- **TASK PROMPT**: Print back each record unchanged, without pictures.

Image-caption web data
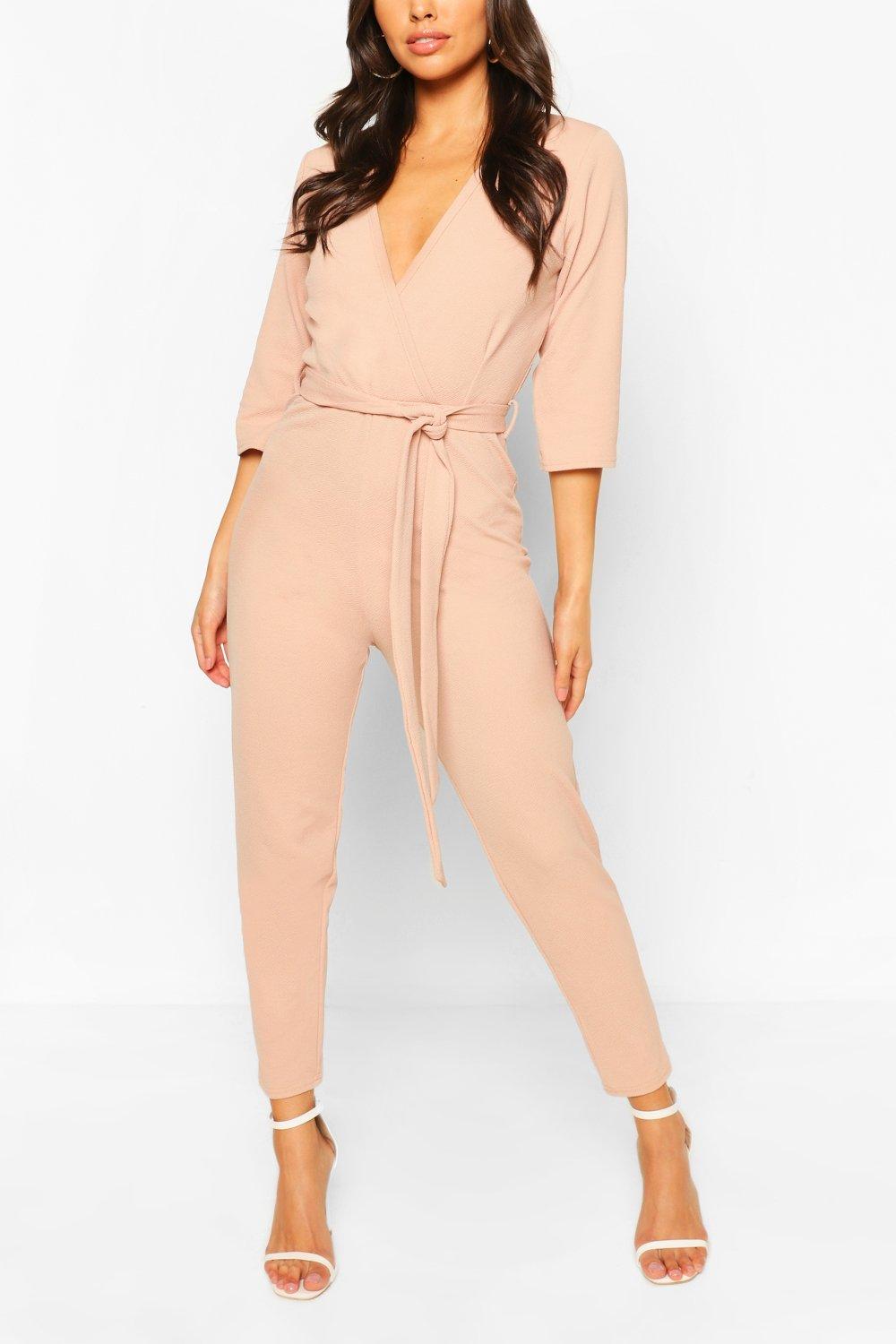 boohoo khaki jumpsuit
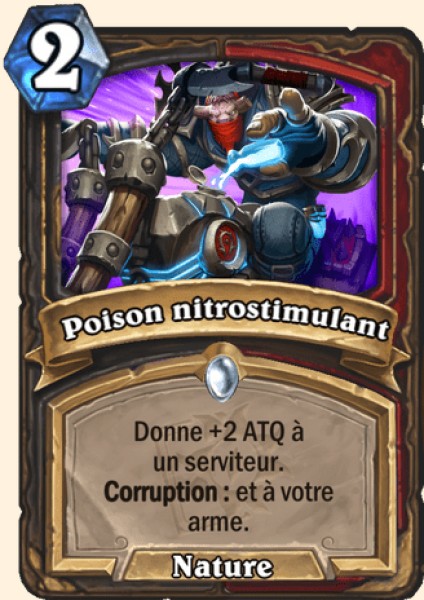 Poisons nitro-survolteurs carte Hearhstone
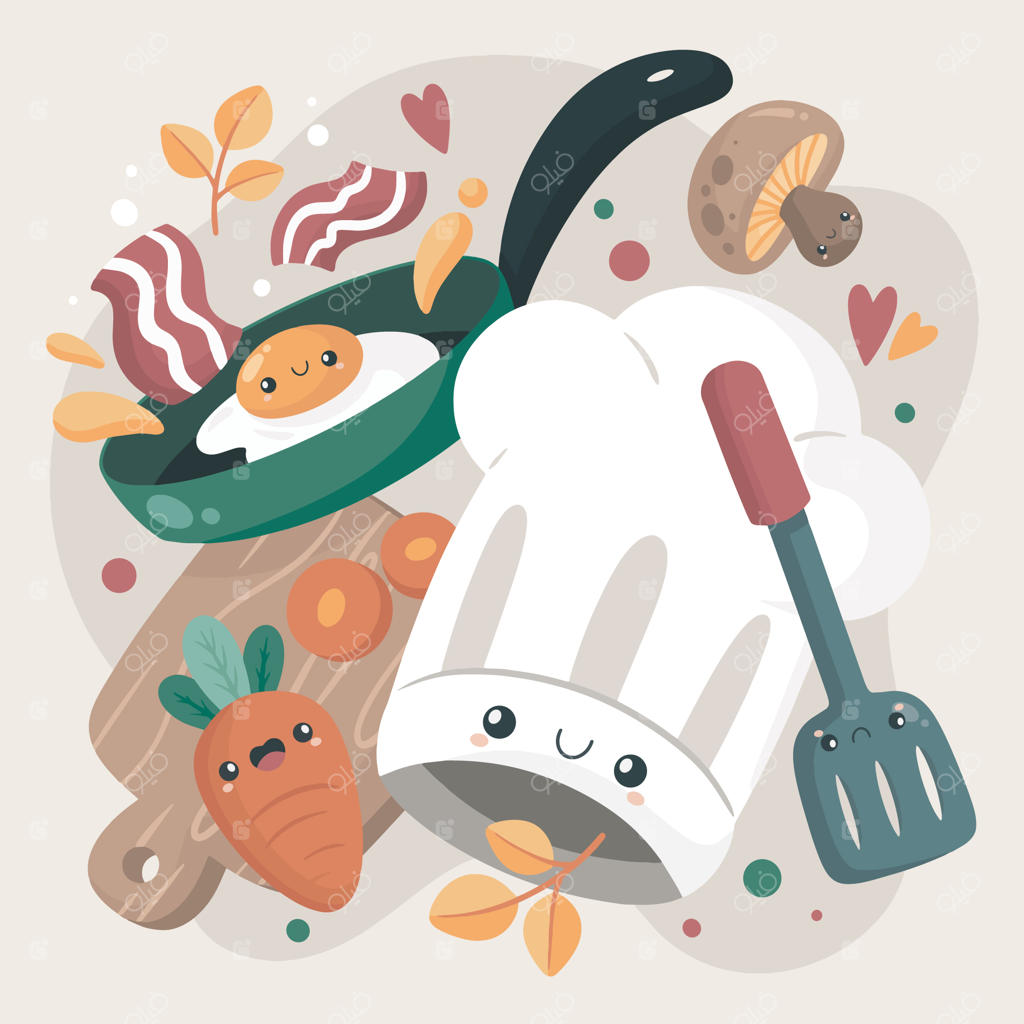 تصویرسازی با پالت رنگ‌های ملایم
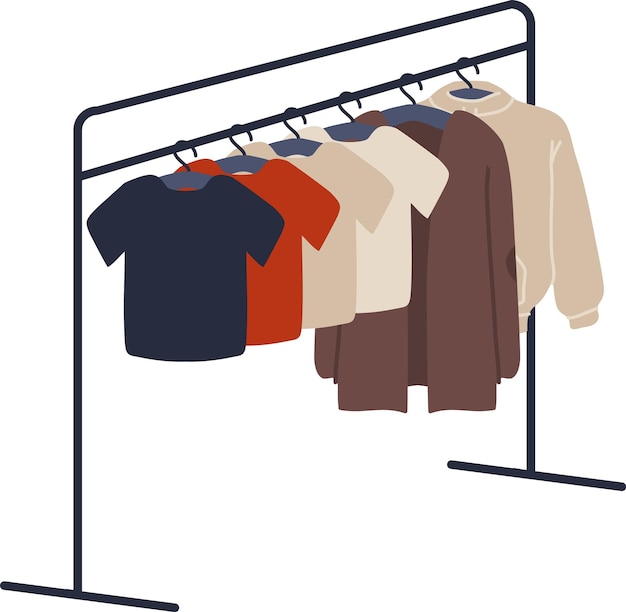 Roupas masculinas penduradas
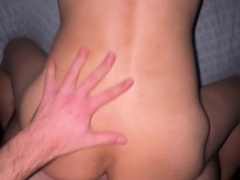 gay-for-pay stud boinks his buddy sans a condom and ejaculates inwards of his arse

- **WRITTEN RESPONSE**:
 boohoo khaki jumpsuit
 Poisons nitro-survolteurs carte Hearhstone
 تصویرسازی با پالت رنگ‌های ملایم
 Roupas masculinas penduradas
 gay-for-pay stud boinks his buddy sans a condom and ejaculates inwards of his arse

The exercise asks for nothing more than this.